Insulation. Calcium silicate or fiberglass rated to 850oF (454oC) is acceptable where the potential for leaks is minimal. Closed-cell foamed glass is recommended within several feet of flanges, valves, pipe taps or other potential leak points. Flanges should be left uninsulated to ease leak detection.
Valves. Select cast or forged carbon steel valves with a socket weld or flanged (300 lb) design. Graphite or expanded/filled PTFE valve-stem packing or bellows seal is recommended. Isolation valves should be ball-type valves; for these uses, control valves or globe valves are recommended. Install valve stems pointing down to allow any leaking fluid to drain away from the insulation.

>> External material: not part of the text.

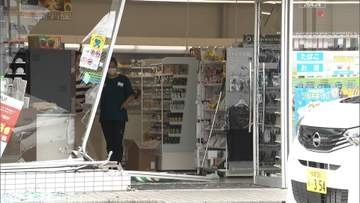 コンビニに60代男性が運転する車突っ込む　29歳女性客が巻き込まれケガ　アクセルとブレーキの踏み間違いか　東京・小平市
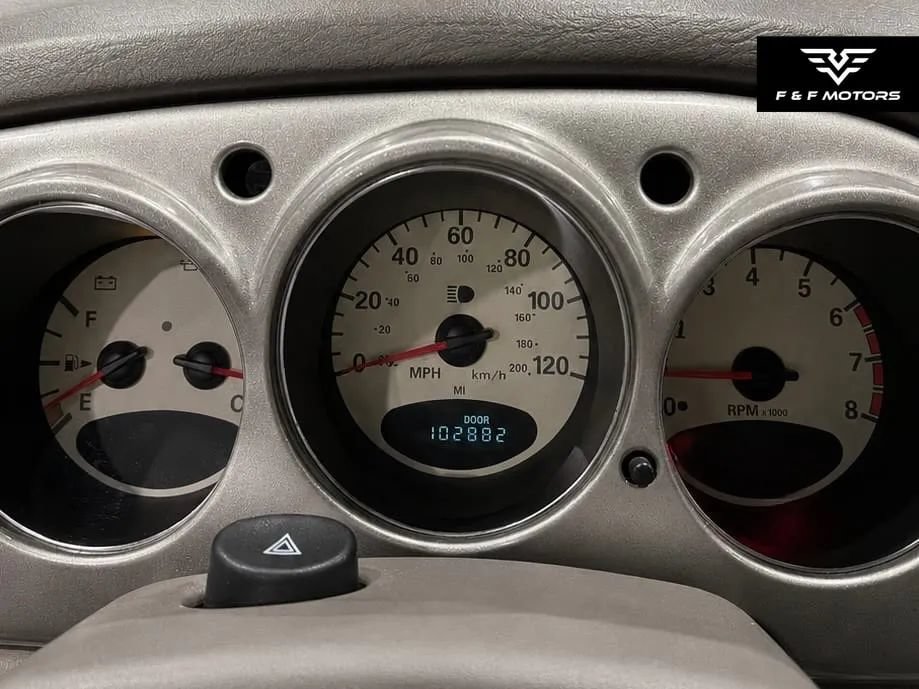 Used 2004 Chrysler PT Cruiser FWD image 12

Pumps. For positive-displacement pumps, select those made of alloy steel with a gear-within-a-gear or sliding-vane design. For centrifugal pumps, be sure the pump selected has ductile or cast iron wetted parts. For the pumps' mechanical seals, select bellows type. For applications with low particulate loading, carbon seal faces are recommended over silicon or tungsten carbide seal faces. For applications with high particulate loading, use tungsten carbide seal faces rather than silicon carbide.
TIP 3: Keep Thermal Fluid Safety in Mind
The potential for fire should be considered in the design and operation of the thermal fluid system.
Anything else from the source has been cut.